D.C. Council Approves Outsourcing Lower-Priority Transports to Third-Party Ambulances

The D.C. Council has approved a plan to outsource lower-priority Fire & EMS transports to a third-party ambulance service.

The council voted unanimously Tuesday on the plan.

Under its present system, the D.C. Fire & EMS (FEMS) system is under significant strain as early as 9 a.m. daily, and is struggling to meet all calls for ambulances, Chief Gregory Dean said at a D.C. Council meeting last week.

The department has come under criticism in recent years for delays in response times and other problems.

Under the new plan, FEMS crews will still be the first responders on all 911 calls, but private ambulances would transport low-priority patients. 

Dean said Tuesday he hopes to have private ambulance on the streets within four to six weeks, much sooner than he'd anticipated.

The plan would continue for a one-year test period. When that year is up, officials will review how the plan is working.

However, council members said they don't want to privatize the service indefinitely.

"We need to make sure that we have good response time, as well as be training our workers so that we have a world-class EMS system," said Council member Elissa Silverman. "We are falling very short."

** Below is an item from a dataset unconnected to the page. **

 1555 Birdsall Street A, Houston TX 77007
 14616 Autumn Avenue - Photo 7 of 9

Dean said he was grateful for the Council's support, but remained noncommittal on whether this would be a short- or long-term fix. However, he did say he wants the new ambulances in service sooner rather than later.

"We're thinking in the next four to six weeks, based on us being able to talk to the major companies, and see what they can and cannot do," Dean said. "It may be longer, but our hope is that we can do it immediately."

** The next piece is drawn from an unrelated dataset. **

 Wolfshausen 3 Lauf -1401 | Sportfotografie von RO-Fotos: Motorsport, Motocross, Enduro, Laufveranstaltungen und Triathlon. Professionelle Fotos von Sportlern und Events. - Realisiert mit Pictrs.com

D.C. FEMS will start taking bids from companies soon. There are no details on what the plan is expected to cost.

Officials also added a few amendments to their initial proposal, including requiring quarterly reports from both FEMS and the private company, detailing how many runs were made, how long the calls lasted, and where patients were picked up and dropped off.

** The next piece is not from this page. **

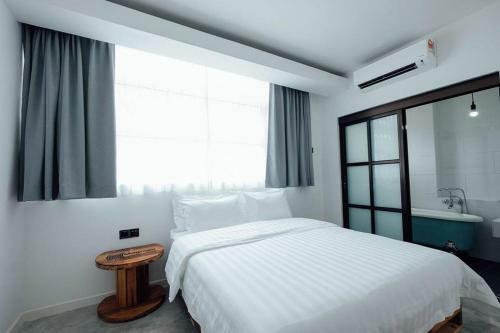 White Loft Hotel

They also removed a provision that would have protected third-party ambulance companies from any civil litigation against them.

Under the new plan, FEMS will assess patients to determine when to request a third-party transport, but would still transport those with critical injuries or illnesses, such as cardiac arrest, stroke or major trauma. Third-party ambulances will take patients with concerns such as cold symptoms, twisted ankles or minor cuts.

Right now, nearly 70 percent of calls are classified as "basic life support," or non-life-threatening cases, according to a report prepared by Dean. Those ambulances have an EMT on board but no paramedic. Another 23 percent of calls are for the more serious "advanced life support," according to the report. More than 10 percent of calls don't require transport.

There's been a notable spike in calls to FEMS in recent years, with the department getting more than 500 calls a day, according to Dean's report. The increase has resulted in delays; Dean said the average ambulance response time has been as long as 17 minutes.

At last week's council meeting, Mayor Muriel Bowser said she's concerned about the city being sued over the delays.